Comparative analysis of sEV deregulated proteins with melanoma Cero and Cuarto proteomic datasets.A, Venn diagram analysis of all differentially expressed proteins (DEPs) in melanoma sEVs with Cero and Cuarto datasets. The top 25 DEPs, included both upregulated and downregulated proteins were compared across both these datasets by Venn diagram, and their expression level are shown by box plots. B–C, among the top 25 downregulated DEPs, six common proteins are shown using box plots.

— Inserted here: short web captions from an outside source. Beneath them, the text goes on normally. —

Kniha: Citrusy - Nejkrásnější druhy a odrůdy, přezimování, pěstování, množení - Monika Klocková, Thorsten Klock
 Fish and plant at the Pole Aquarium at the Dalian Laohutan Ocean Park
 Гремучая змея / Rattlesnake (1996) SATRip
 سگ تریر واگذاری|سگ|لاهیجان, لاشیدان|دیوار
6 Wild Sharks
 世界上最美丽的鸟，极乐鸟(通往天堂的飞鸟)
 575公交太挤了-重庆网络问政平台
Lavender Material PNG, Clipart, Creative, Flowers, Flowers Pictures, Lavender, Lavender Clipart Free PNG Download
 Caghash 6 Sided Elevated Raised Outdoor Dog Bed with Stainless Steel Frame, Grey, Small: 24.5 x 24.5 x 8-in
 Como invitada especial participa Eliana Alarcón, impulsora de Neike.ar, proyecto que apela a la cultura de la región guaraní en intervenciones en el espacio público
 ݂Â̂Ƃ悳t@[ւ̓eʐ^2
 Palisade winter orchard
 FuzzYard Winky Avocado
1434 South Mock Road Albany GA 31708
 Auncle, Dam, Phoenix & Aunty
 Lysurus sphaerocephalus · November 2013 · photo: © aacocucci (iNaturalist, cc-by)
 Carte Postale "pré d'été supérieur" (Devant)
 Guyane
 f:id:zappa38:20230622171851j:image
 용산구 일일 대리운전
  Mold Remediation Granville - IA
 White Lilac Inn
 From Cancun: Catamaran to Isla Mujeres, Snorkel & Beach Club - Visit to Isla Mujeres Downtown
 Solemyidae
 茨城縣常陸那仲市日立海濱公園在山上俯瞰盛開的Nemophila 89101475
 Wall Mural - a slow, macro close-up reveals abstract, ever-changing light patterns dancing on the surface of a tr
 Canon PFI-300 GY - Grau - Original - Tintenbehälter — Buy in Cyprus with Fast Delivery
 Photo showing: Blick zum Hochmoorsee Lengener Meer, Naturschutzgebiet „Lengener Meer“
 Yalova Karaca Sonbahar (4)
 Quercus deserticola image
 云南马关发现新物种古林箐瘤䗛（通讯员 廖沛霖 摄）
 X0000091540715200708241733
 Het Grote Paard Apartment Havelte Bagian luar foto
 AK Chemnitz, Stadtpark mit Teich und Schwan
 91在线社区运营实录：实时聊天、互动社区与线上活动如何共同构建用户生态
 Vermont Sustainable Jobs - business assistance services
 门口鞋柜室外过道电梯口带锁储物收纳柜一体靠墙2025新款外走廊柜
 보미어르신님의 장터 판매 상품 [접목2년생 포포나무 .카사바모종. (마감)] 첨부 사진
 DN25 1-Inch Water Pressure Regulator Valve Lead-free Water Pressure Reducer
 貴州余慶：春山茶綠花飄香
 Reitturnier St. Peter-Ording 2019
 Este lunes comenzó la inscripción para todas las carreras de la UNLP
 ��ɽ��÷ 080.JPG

D–E, among the top 25 DEPs, with eight upregulated proteins from either the Cero or Cuarto dataset displayed through box plots. sEV, small extracellular vesicle.

Fig. 6

Proteomic analysis of control, melanoma, and postoperative lymphatic fluid sEVs demonstrates distinct proteomic cargoes of melanoma.A, heatmap indicating sEV proteomic differences among control, melanoma, and postoperative lymphatic fluid. B, box plot with individual data points display proteins of melanoma and postoperative lymphatic fluid, compared with the control, along with expression plots from TNMplotter, indicating the direct involvement of the highlighted proteins in the melanoma metastasis. This analysis utilizes RNA-Seq data derived from 474 samples of normal tissues from noncancer patients, 103 tumor samples, and 368 metastatic cases. These findings underscore the significance of unique proteomic cargoes within the context of melanoma. sEV, small extracellular vesicle.

Fig. 7

Significance of identified proteins derived from melanoma afferent lymphatic sEVs in melanoma tumorigenesis.A, the proteomic network of all upregulated proteins found in melanoma lymphatic sEVs, when compared with controls, reveals four significant protein network clusters identified using the MCL clustering method. B, a Spearman's correlation matrix of the melanoma-associated upregulated proteins shows a higher correlation in melanoma tumor data compared with the normal dataset. C, gene signature analysis using RNA-Seq data in relation to the SKCM dataset of the highlighted upregulated and downregulated proteins in lymphatic sEVs of melanoma patients. MCL Markov Cluster algorithm; sEV, small extracellular vesicle; SKCM, skin cutaneous melanoma.

Fig. 8

Primary melanoma communicates sEV signals to facilitate a premetastatic niche within the sentinel lymph node (SLN). Key melanoma-associated proteins, including CD38, LGALS9, and TNC, were analyzed in the sinuses of lymph nodes, comparing control and tumor-uninvolved SLN (−). The dot plot indicates the mean fluorescence intensity of these proteins, with each dot representing an individual field of view (FOV). sEV, small extracellular vesicle.

Fig. 9

Expression analysis and clinical significance of lymphatic sEV signals in melanoma tissues.A, the cargo of lymphatic sEVs, including CD38 and LGALS9, along with the universal sEVs marker CD9, was analyzed in the blood plasma of six melanoma patients and six healthy subjects. B, bar plots showing the relative changes in expression levels of CD9, LGALS9, and CD38 with total protein normalization. C, survival plot analysis based on the selected expression of proteins in lymph nodes affected by melanoma. sEV, small extracellular vesicle.